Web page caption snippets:
********************
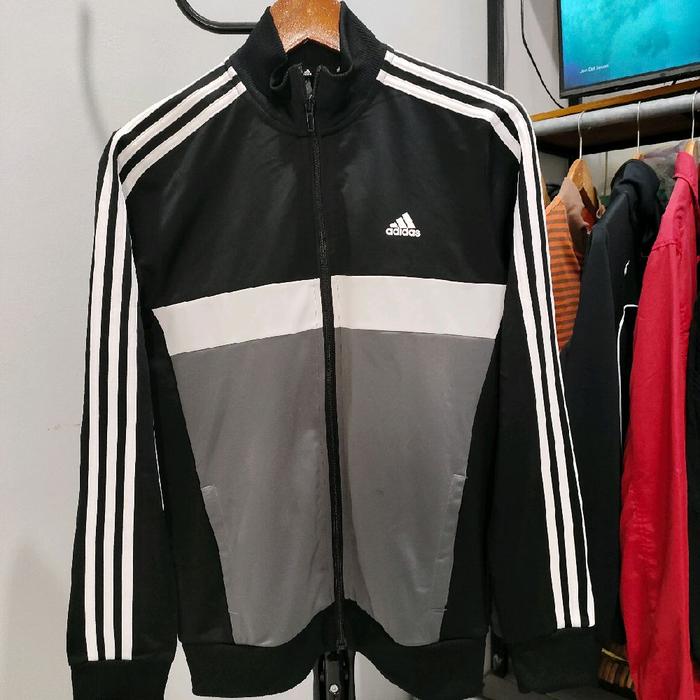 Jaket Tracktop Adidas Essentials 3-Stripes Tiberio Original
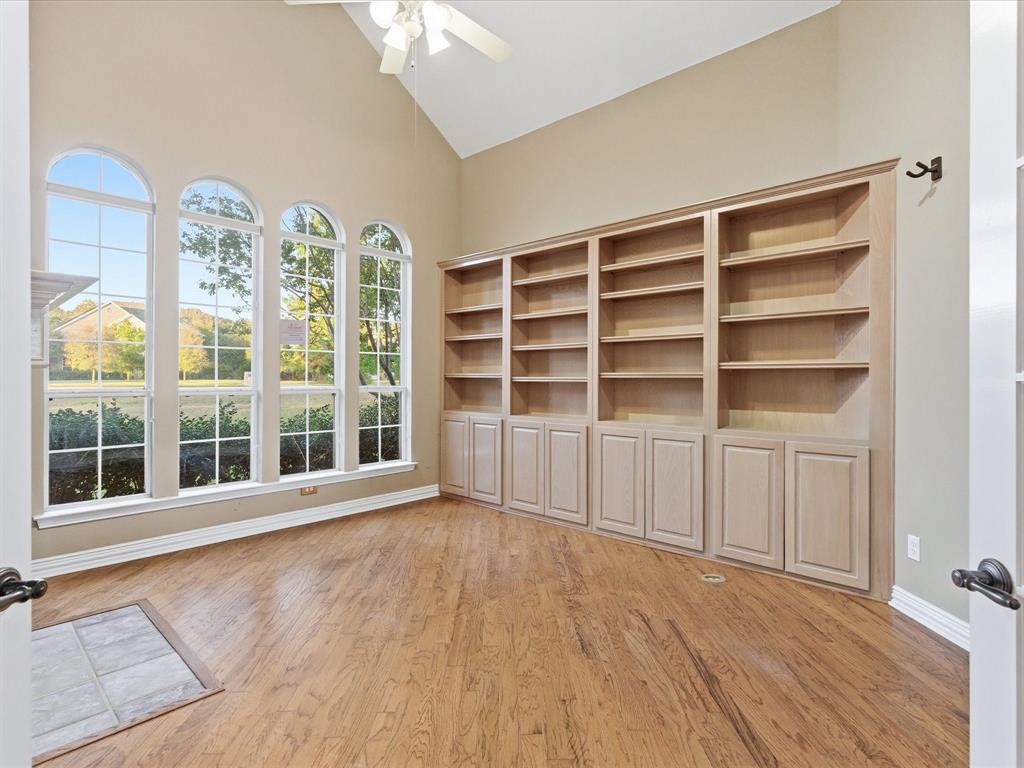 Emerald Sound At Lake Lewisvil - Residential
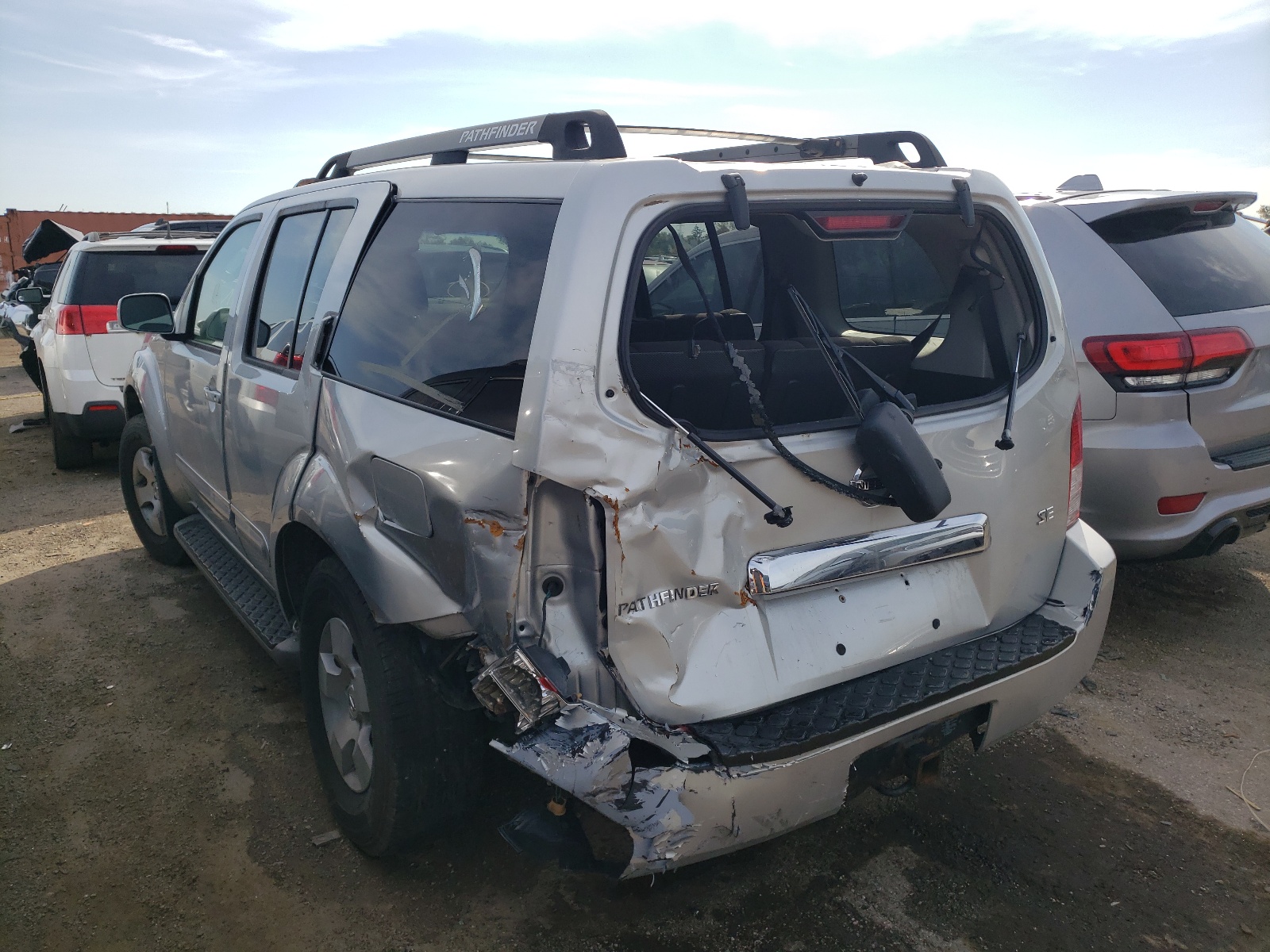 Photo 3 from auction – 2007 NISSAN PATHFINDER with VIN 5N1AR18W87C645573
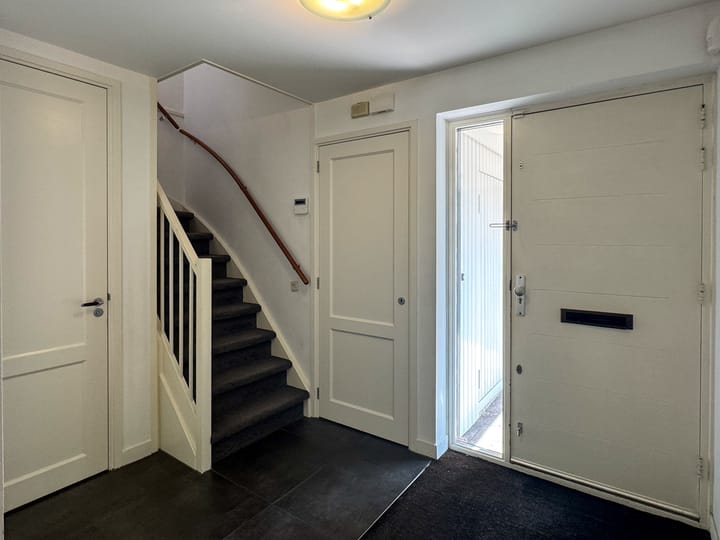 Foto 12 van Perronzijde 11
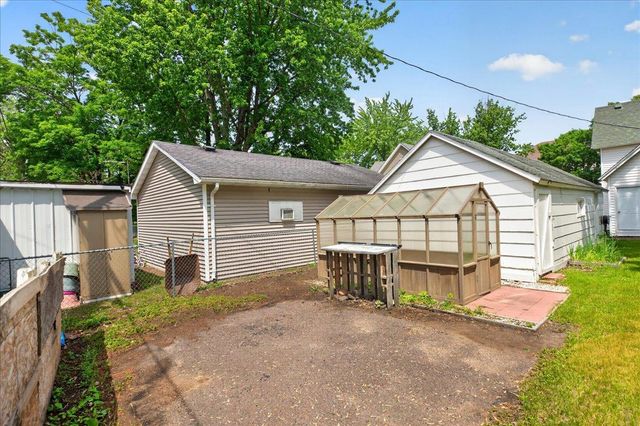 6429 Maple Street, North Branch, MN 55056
********************
Directions
Set down exactly, from the line that contains "Emerald Sound At Lake Lewisvil - Residential" through the last line of the data, each line as it stands, and leave the pictures out.

Solution for this task
 Emerald Sound At Lake Lewisvil - Residential
 Photo 3 from auction – 2007 NISSAN PATHFINDER with VIN 5N1AR18W87C645573
 Foto 12 van Perronzijde 11
 6429 Maple Street, North Branch, MN 55056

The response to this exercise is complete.